======== Available data ========
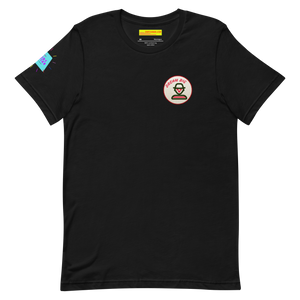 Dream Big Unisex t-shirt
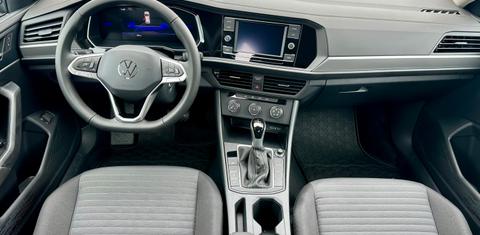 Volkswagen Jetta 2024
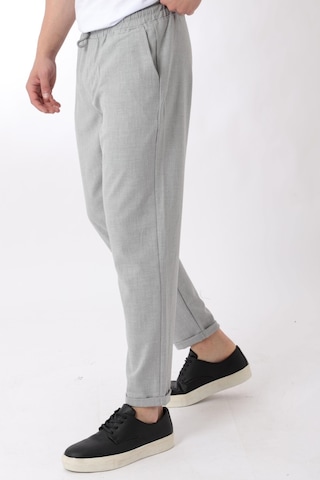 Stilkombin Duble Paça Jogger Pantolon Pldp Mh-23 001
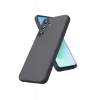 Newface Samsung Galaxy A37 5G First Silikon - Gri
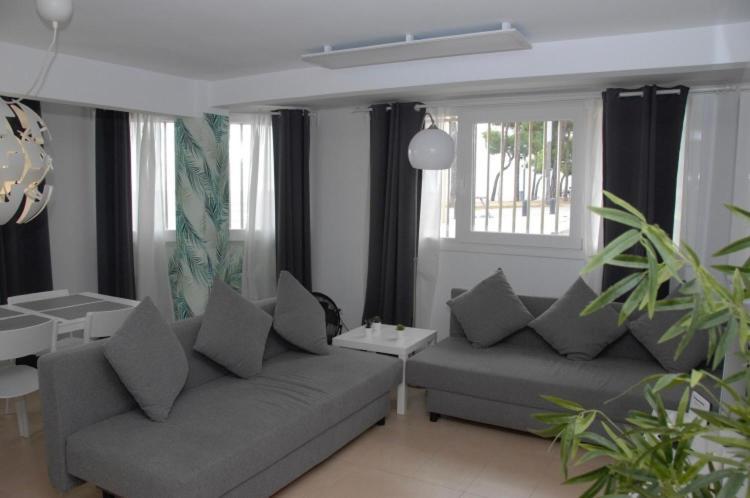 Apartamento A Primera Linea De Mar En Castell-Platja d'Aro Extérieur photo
========
* _Exercise prompt_
When you reach the line containing "Volkswagen Jetta 2024" in the records above, write out that line and every line after it through the end, exactly, but omit the pictures.

* _Written answer_
 Volkswagen Jetta 2024
 Stilkombin Duble Paça Jogger Pantolon Pldp Mh-23 001
 Newface Samsung Galaxy A37 5G First Silikon - Gri
 Apartamento A Primera Linea De Mar En Castell-Platja d'Aro Extérieur photo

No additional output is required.